The last work on the programme was Chopin’s Andante spianato e Grande Polonaise Brillante op. 22. The headnote and dating of this work may seem a bit confusing until one understands the background of this piece. In the winter of 1830-1831, while in Vienna, Chopin wrote the Grand Polonaise for piano and orchestra, affixing to it the opus number of 22. Later, he composed the Andante spianato and grafted it onto the Grand Polonaise to serve as an introduction, thereby forging a new, expanded work, also designated op. 22. In the process, he fashioned versions of the work for both piano solo and for piano and orchestra. This effort, incidentally, marked the last time that Chopin composed anything for orchestra.
The solo version begins with a lovely theme in the upper register, clearly of a Romantic bent. Here, Biliana’s mastery shone like the lone star. At once commanding and resigned, the pianist’s control never wavered, the singing quality of her playing reached unparalleled heights, while the unleashed emotions never verged on the sentimental. Like many of the composer’s creations, there was something sad in its beauty, which to some will always represent the exiled Chopin’s homesickness for country and family. A consoling, mellow theme was next heard and after recalling some of the main material, this section ended quietly. The unusual word “spianato” means “level” or “smoothed,” and these concepts gave an idea of the music’s tone.

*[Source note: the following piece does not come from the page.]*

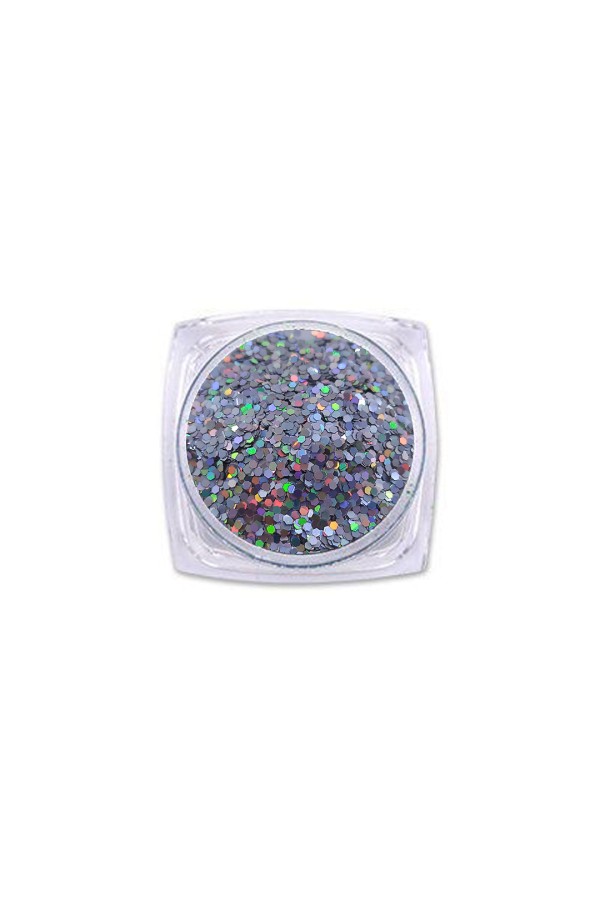 Epoksi Süsleme Glitter Altıgen İnce Pul 5gr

The Grand Polonaise began with a fanfare and then launched into one of the composer’s more attractive dance themes. It was light and delicate, joyful and aristocratic, and full of the colour and subtlety one associates with so many of Chopin’s Polonaises. Upon restatement, the theme was given more ornamentation and glitter. In its middle section the mood turned playful at the outset, but then became more intimate and subdued while retaining its dance-like character. Some passages here resembled parts of the first movement of the composer’s Piano Concerto No. 1 (1830). The main theme returned and the piece concluded with a brilliant coda, parts of which, once again, looked back to the First Concerto, this time to its magical last-movement coda.
A well-merited resounding applause greeted the final notes, after which Biliana regaled an enthused audience with two encores.